[WHAT YOU WILL DO]
In the copy, include no pictures. Reproduce the rest of the entries exactly.

[SUPPLIED ENTRIES Boundary: Start]

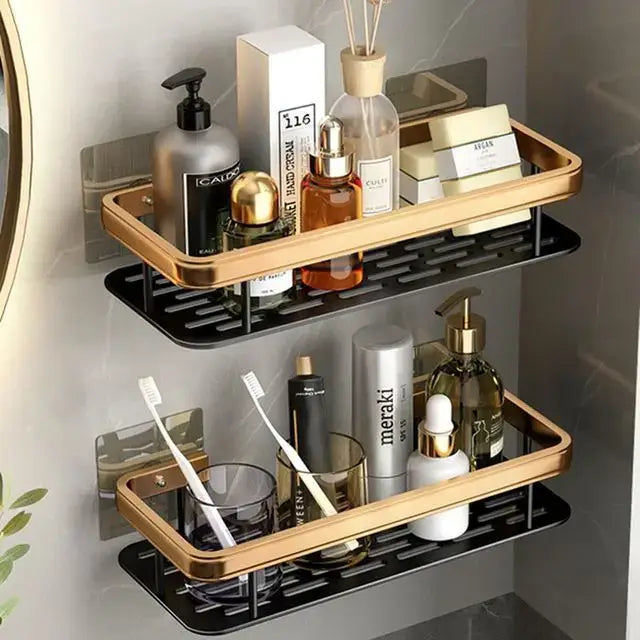 Gold-framed black slatted two-tier aluminum corner bathroom shelf with towel holder from DecorBites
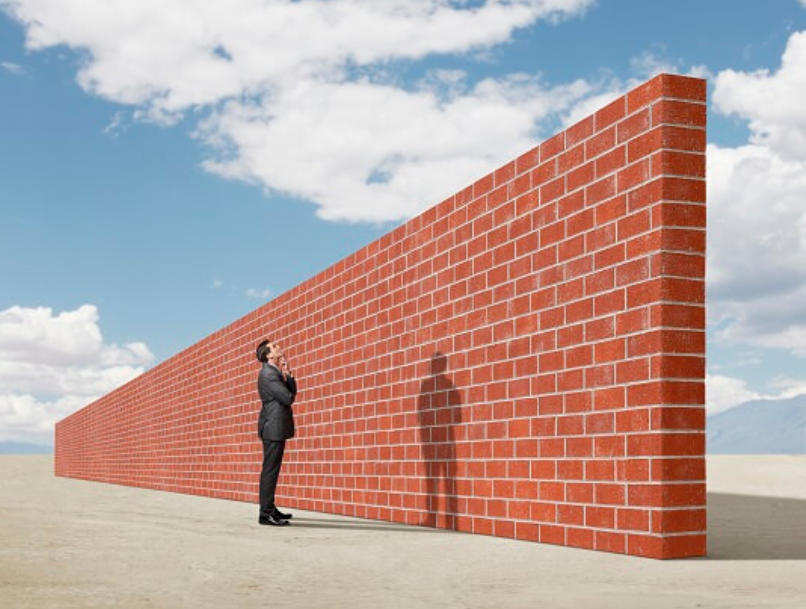 Mann vor Mauer und will drüber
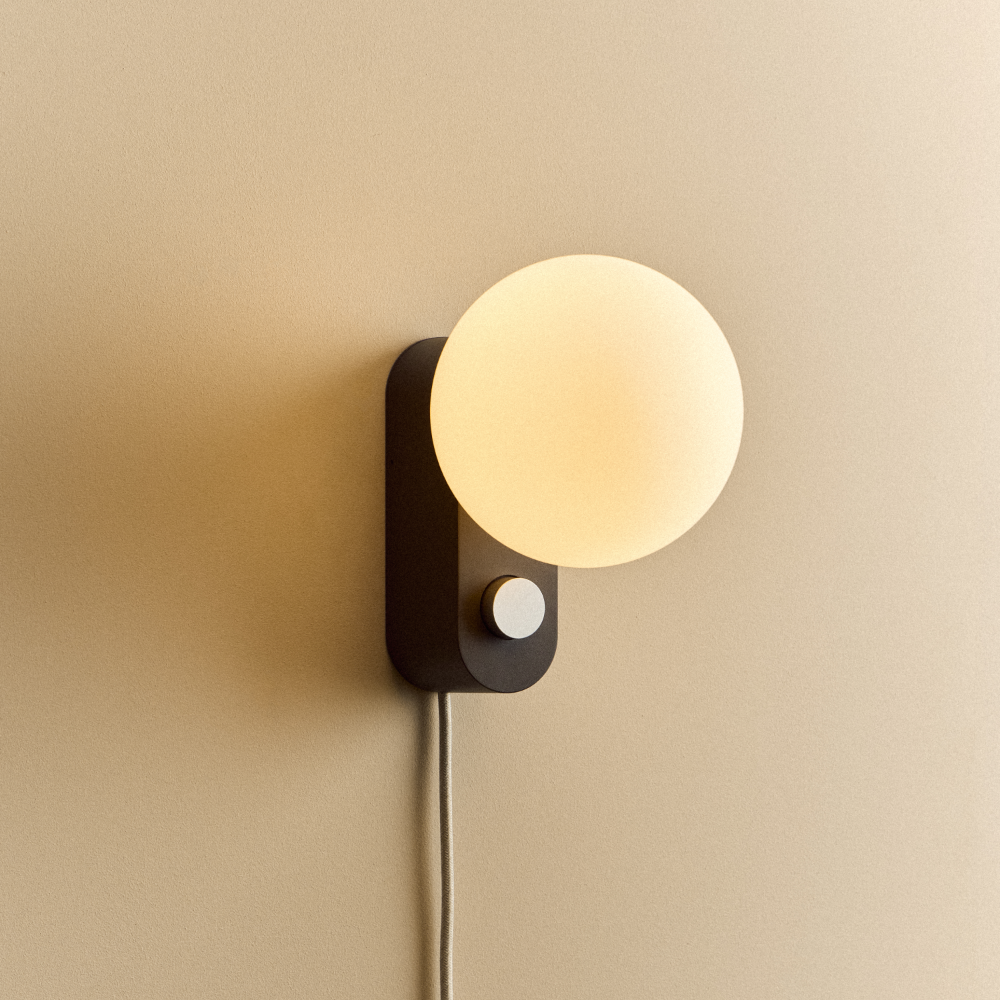 Tala Alumina Multi-Use Lamp mounted as a Charcoal wall light on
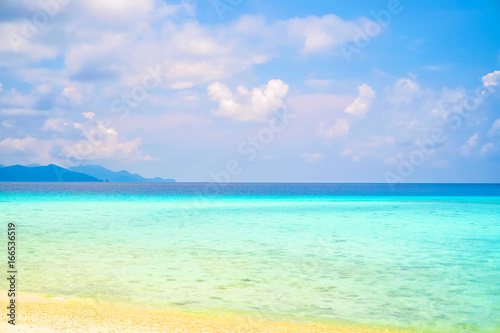 Beautiful white clouds on blue sky over calm sea with sunlight reflection, Tranquil sea harmony of calm water surface. Vibrant sea with clouds on horizon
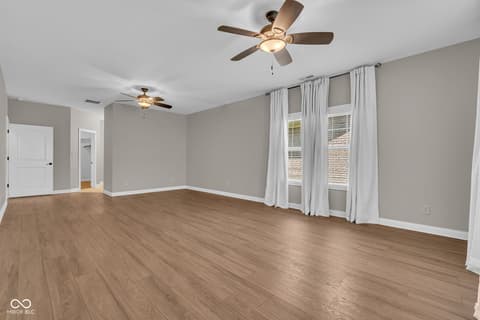 Primary bedroom at 5666 Augusta Woods Drive, Plainfield, IN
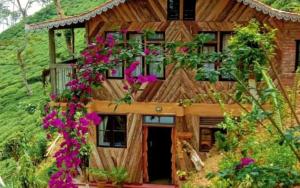 a house with flowers in front of it at Koilee Homestead by StayApart in Darjeeling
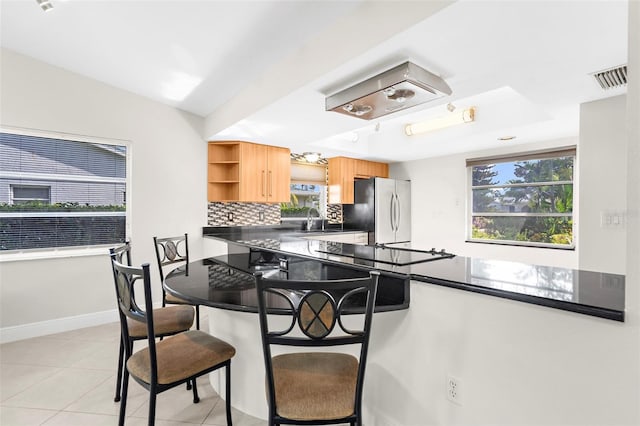 kitchen featuring decorative backsplash, sink, stainless steel fridge, a breakfast bar, and light tile patterned floors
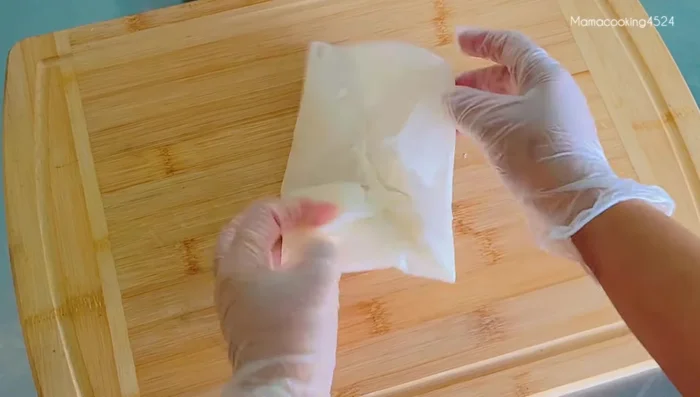 Fold and seal the spring rolls using water to adhere the edges.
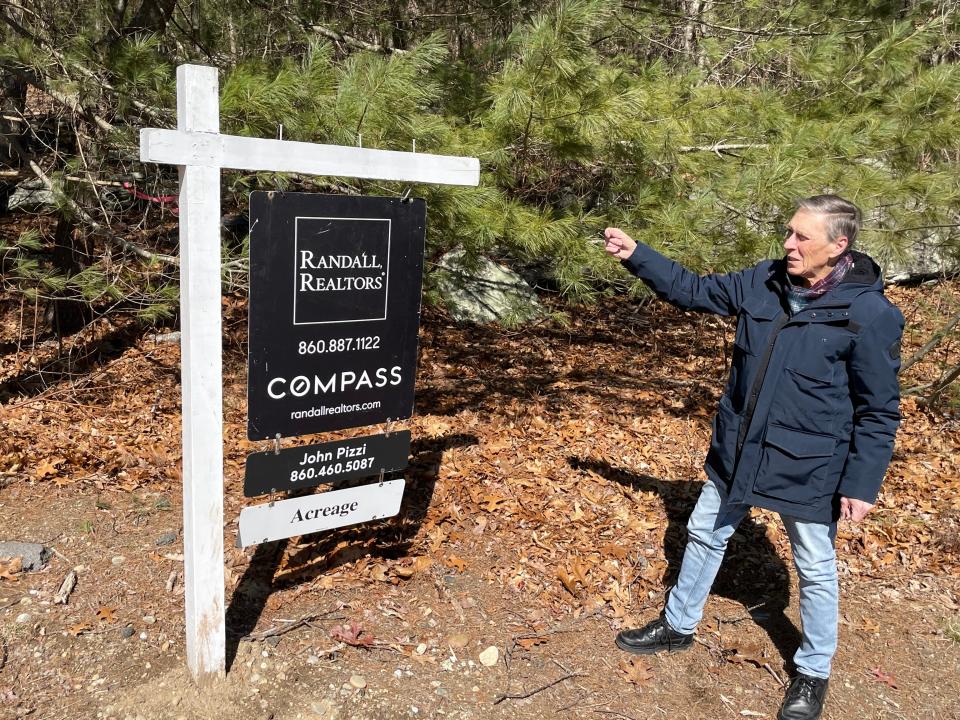 Randall Realtors Compass Realtor John Pizzi shows an available lot in Norwich on 60 Green Briar Road. The property extends to I-395.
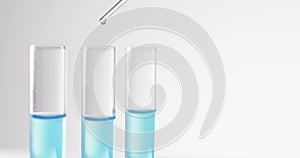 Video of glass laboratory test tubes and pipette with blue liquid and copy space on white background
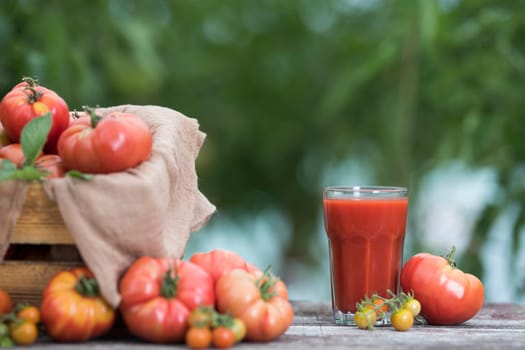 Fresh tomato juice, on a wooden background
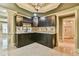 This finished basement bar boasts custom cabinets, a wine rack, and stylish tile backsplash at 5121 Hope Sw Ct, Lilburn, GA 30047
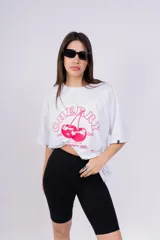 Remerón blanco de corte holgado con estampado de cerezas y texto en color rosa.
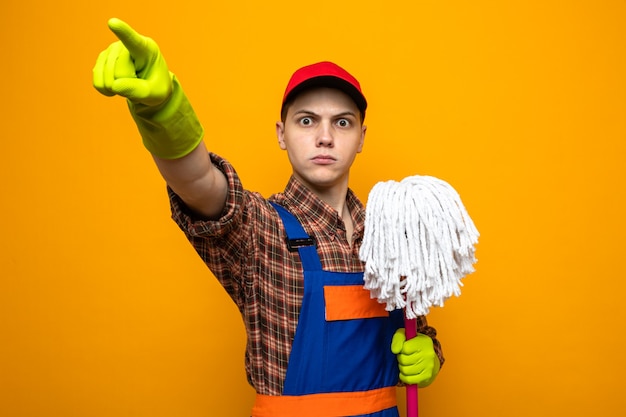 Zdjęcie Ścisłe punkty z przodu młody sprzątacz ubrany w mundur i czapkę z rękawiczkami, trzymający mop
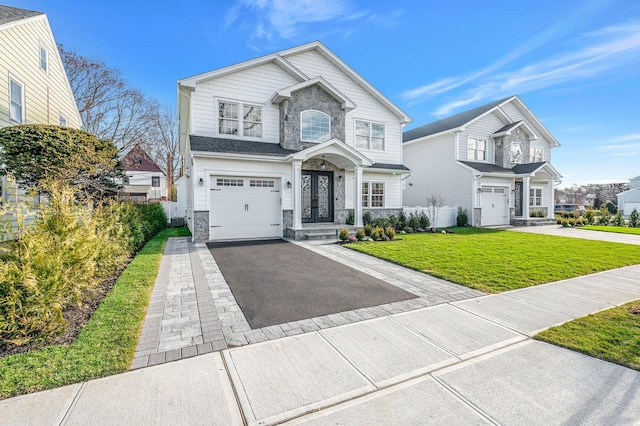 view of front facade with a front lawn and a garage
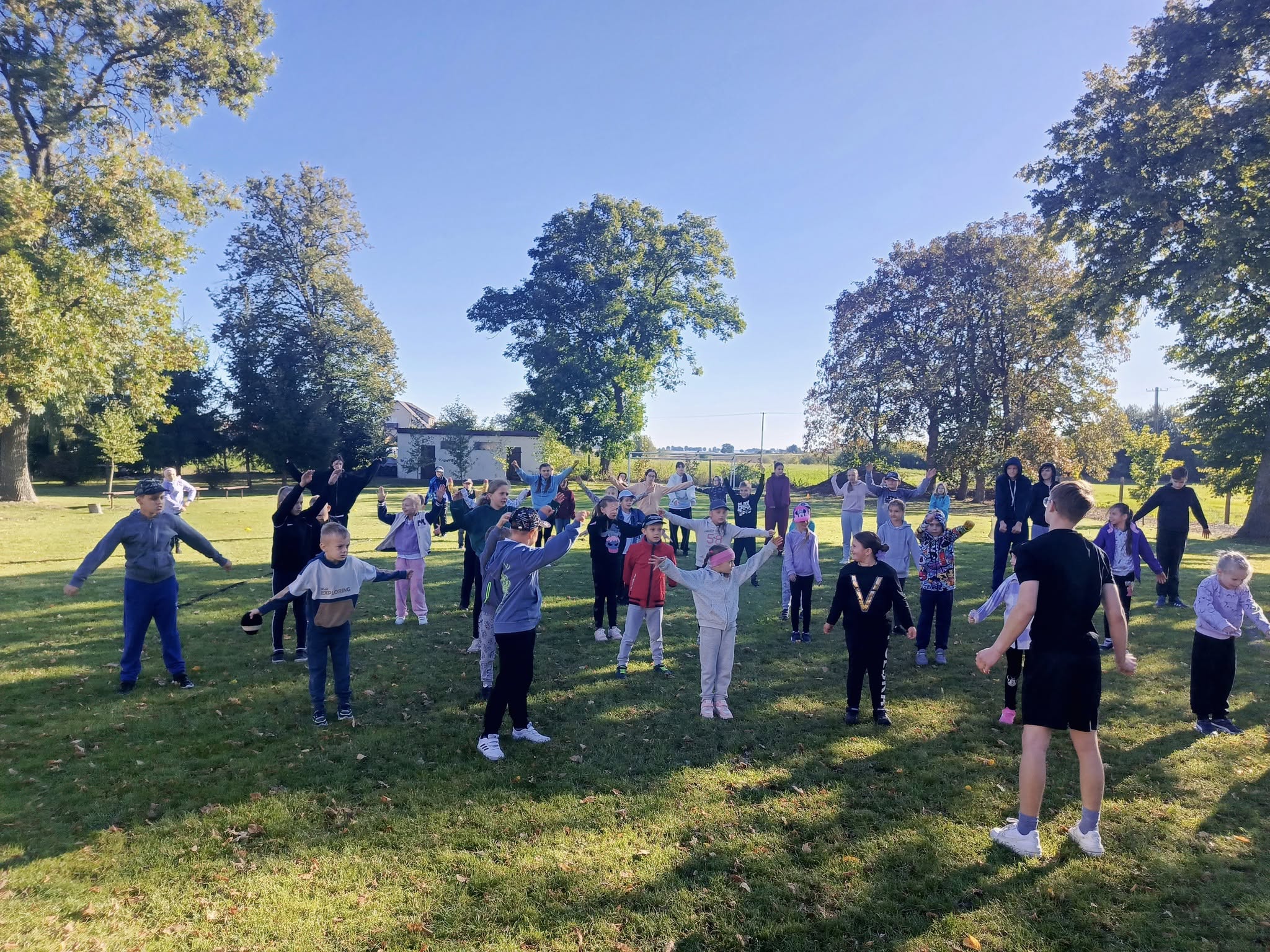 Uczniowie podczas rozgrzewki na boisku szkolnym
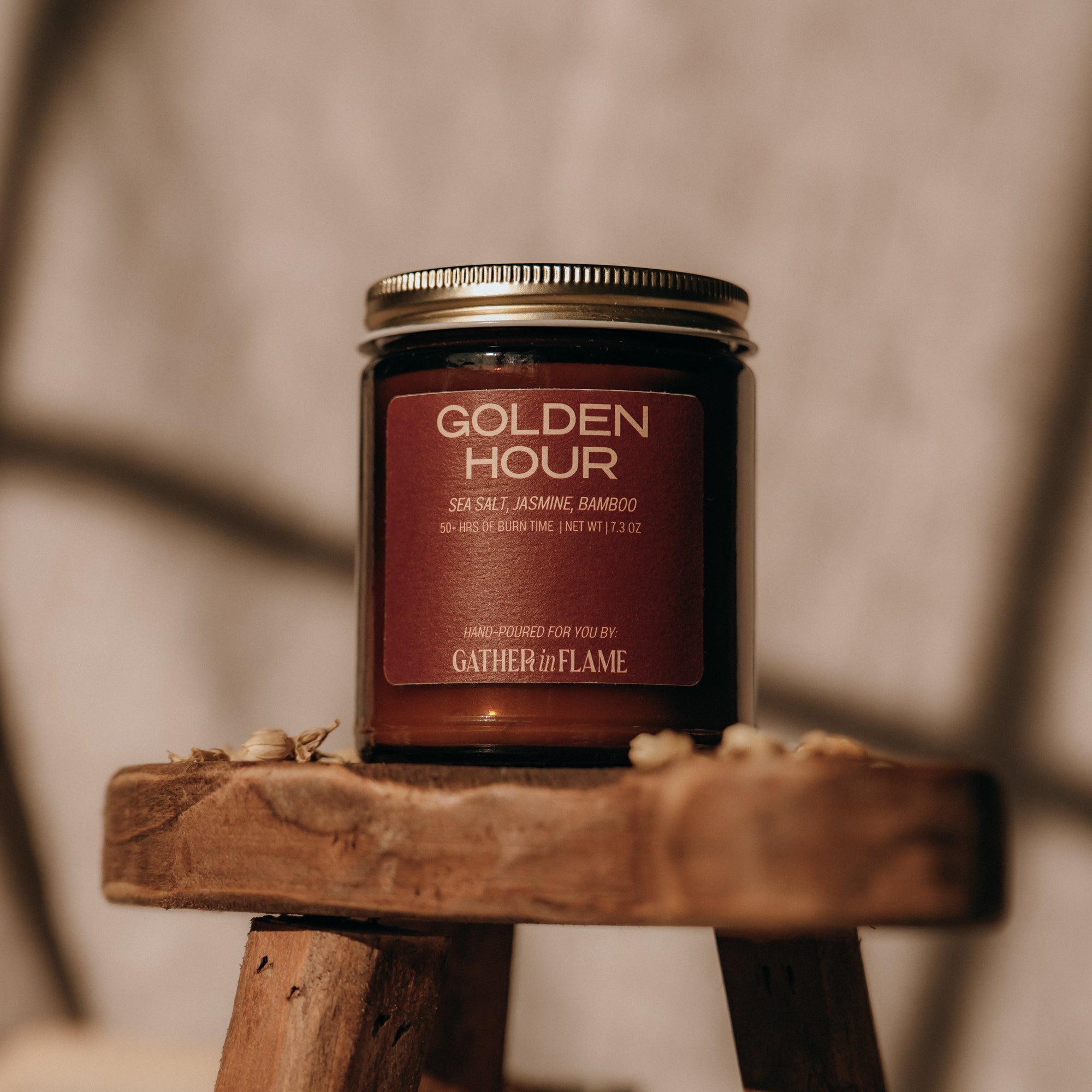 Candle jar labeled 'Golden Hour' on a wooden stand with a blurred background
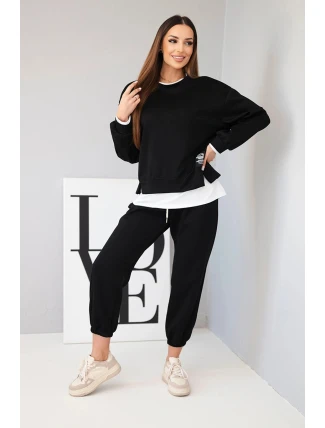 Dámský komplet s máslovou barvou, volnou mikinou a tepláky černý Dámský komplet s máslovou barvou, volnou mikinou a tepláky černý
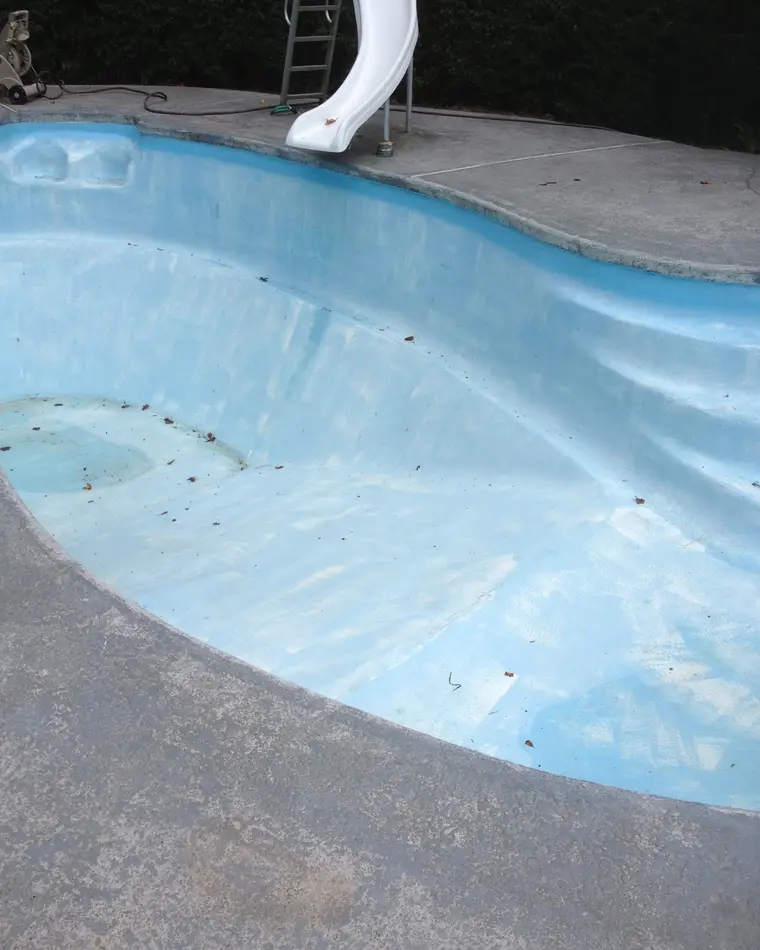 A fiberglass pool shell before refinishing, the blue gel coat faded and chalked unevenly.
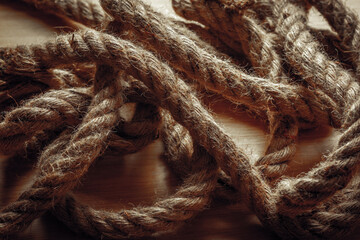 Close-up of twisted jute ropes on wooden surface with detailed texture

[SUPPLIED ENTRIES Boundary: End]

[REPLY TO THE EXERCISE]
 Gold-framed black slatted two-tier aluminum corner bathroom shelf with towel holder from DecorBites
 Mann vor Mauer und will drüber
 Tala Alumina Multi-Use Lamp mounted as a Charcoal wall light on
 Beautiful white clouds on blue sky over calm sea with sunlight reflection, Tranquil sea harmony of calm water surface. Vibrant sea with clouds on horizon
 Primary bedroom at 5666 Augusta Woods Drive, Plainfield, IN
 a house with flowers in front of it at Koilee Homestead by StayApart in Darjeeling
 kitchen featuring decorative backsplash, sink, stainless steel fridge, a breakfast bar, and light tile patterned floors
 Fold and seal the spring rolls using water to adhere the edges.
 Randall Realtors Compass Realtor John Pizzi shows an available lot in Norwich on 60 Green Briar Road. The property extends to I-395.
 Video of glass laboratory test tubes and pipette with blue liquid and copy space on white background
 Fresh tomato juice, on a wooden background
 This finished basement bar boasts custom cabinets, a wine rack, and stylish tile backsplash at 5121 Hope Sw Ct, Lilburn, GA 30047
 Remerón blanco de corte holgado con estampado de cerezas y texto en color rosa.
 Zdjęcie Ścisłe punkty z przodu młody sprzątacz ubrany w mundur i czapkę z rękawiczkami, trzymający mop
 view of front facade with a front lawn and a garage
 Uczniowie podczas rozgrzewki na boisku szkolnym
 Candle jar labeled 'Golden Hour' on a wooden stand with a blurred background
 Dámský komplet s máslovou barvou, volnou mikinou a tepláky černý Dámský komplet s máslovou barvou, volnou mikinou a tepláky černý
 A fiberglass pool shell before refinishing, the blue gel coat faded and chalked unevenly.
 Close-up of twisted jute ropes on wooden surface with detailed texture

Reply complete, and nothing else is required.